Few periods in America’s history are as fascinating as The Civil War.
It began on April 12, 1861 and not only divided a nation, but split families apart too with neighbors, friends and even brothers fighting against one another, such was the passion for their cause.
Three million men fought for what they believed to be right and when the last gun was fired after four years of bloody battle, some 600,000 men had fallen – around two per cent of the country’s entire population.
No family was left unscarred by this war, but it paved the way for the nation to become the political and economic powerhouse that it is today.
Visiting some of the historic sites that were pivotal in this terrible war and learning the stories of the men that fought it will change you forever.
Fort Sumter National Monument, Charleston, South Carolina
Here’s where it all started – a mere 154 years ago. Confederate soldiers attacked the Federal fort and the war began.
Walk the walls of the fort and experience the view across the harbour of Charleston while imagining yourself as a Federal defender. There’s a museum and a huge exhibition of artillery.
Added bonus: View it from land or water, car or on foot but catch a glimpse of the Arthur Ravenel Jr Bridge. The eight-lane cable-stayed bridge spans the Cooper River and connects downtown Charleston with Mount Pleasant.
Shiloh National Military Park, Shiloh, Tennessee
This is where the largest battle in the Mississippi Valley Campaign was fought with terrible cost to life. The Union were the ultimate victors but 23,746 men were killed or injured during the two day conflict.
During the battle’s anniversary at the beginning of April, living history actors give an accurate account of camp life.
In the same neck of the woods: Make a beeline for the Great Smoky Mountains. A sub-range of the Appalachian Mountains, the Smokies are visited by 9 million people every year making it the most popular National Park in the US.
This area is rich in Civil War history because it was the capital of the Confederacy and the ultimate target of the Northern army.
You could spend several days here exploring battle sites including Drewry’s Bluff where a planned attack by a US naval fleet was foiled.
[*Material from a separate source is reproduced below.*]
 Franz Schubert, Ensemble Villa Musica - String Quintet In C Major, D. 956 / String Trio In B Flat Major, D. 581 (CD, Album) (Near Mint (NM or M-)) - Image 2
Many of the original buildings of the time burned down when the city was invaded in 1865 but there’s still plenty to evoke the desperation of the time including the site of Chimborazo Hospital where countless war wounded were treated.
In the same neck of the woods: For some light relief after a hard drive and a head full of history, head over to Hollywood Casino at Charles Town Races where the razzle dazzle will jettison you back into the 21st century. As well as offering thoroughbred racing all year long, you’ll be able to find fun at the Vegas-style casino. Try your hand at Blackjack or roulette or make your mark in the poker world with a jovial hand at one of 26 tables.
Antietam National Battlefield, Sharpsburg, Maryland
This was the bloodiest battle in US history. Around 23,000 soldiers were killed or wounded here in September 1862. That’s nine times as many US troops killed on D-Day.
This was a turning point in the war as slaves were declared free and all out war broke out between North and South.
In the same neck of the woods: Find a Maryland Tavern and order one of their famous crab cakes. Fried or grilled, served in a bun or with saltine crackers, fries on the side or a serving of coleslaw, you just gotta try one.
Andersonville National Historic Site, Andersonville, Georgia
Finding yourself at Camp Sumter was no holiday. This was the site of the Civil War’s most notorious prisons. And even if your days of fighting were over, you were certainly not out of danger.
More than 45,000 Northern prisoners were held here during the 14 months that the prison was operation. Around 13,000 men died appalling deaths from malnutrition, disease and exposure.
Walk around the 26.5-acre prison and try and imagine how many men were crammed into such a small space. Actors help spark your imagination with living history exhibitions that give a clue to the brutality that the men incarcerated here must have endured.
In the same neck of the woods: Head to Atlanta and visit the World of Coca-Cola. Open since 2007, it’s the only place in the world where you can drink in the fascinating story of one of the planet’s best-known beverages.